BEGIN

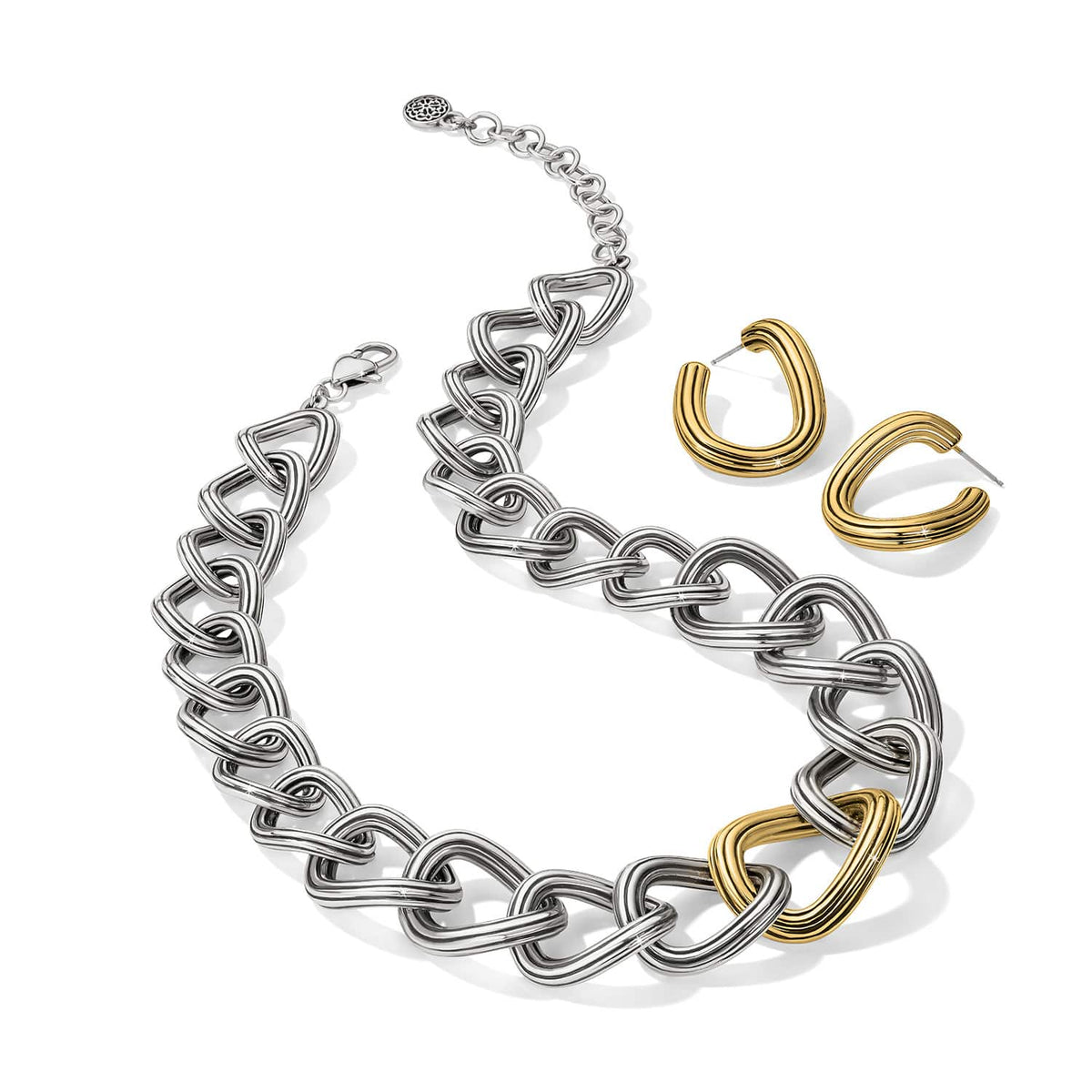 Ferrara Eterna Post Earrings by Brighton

END
BEGIN

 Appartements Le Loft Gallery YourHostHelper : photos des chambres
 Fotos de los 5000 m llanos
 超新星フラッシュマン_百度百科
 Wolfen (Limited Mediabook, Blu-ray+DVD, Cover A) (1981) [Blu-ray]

END
BEGIN

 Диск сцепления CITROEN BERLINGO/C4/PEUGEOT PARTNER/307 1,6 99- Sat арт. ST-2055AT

END

• _EXERCISE INSTRUCTIONS_: Reproduce exactly, and with no other material, the lines between those holding "Appartements Le Loft" and "Wolfen (Limited Mediabook, Blu-ray+DVD, Cover", inclusive.

• _RESPONSE AREA_:
 Appartements Le Loft Gallery YourHostHelper : photos des chambres
 Fotos de los 5000 m llanos
 超新星フラッシュマン_百度百科
 Wolfen (Limited Mediabook, Blu-ray+DVD, Cover A) (1981) [Blu-ray]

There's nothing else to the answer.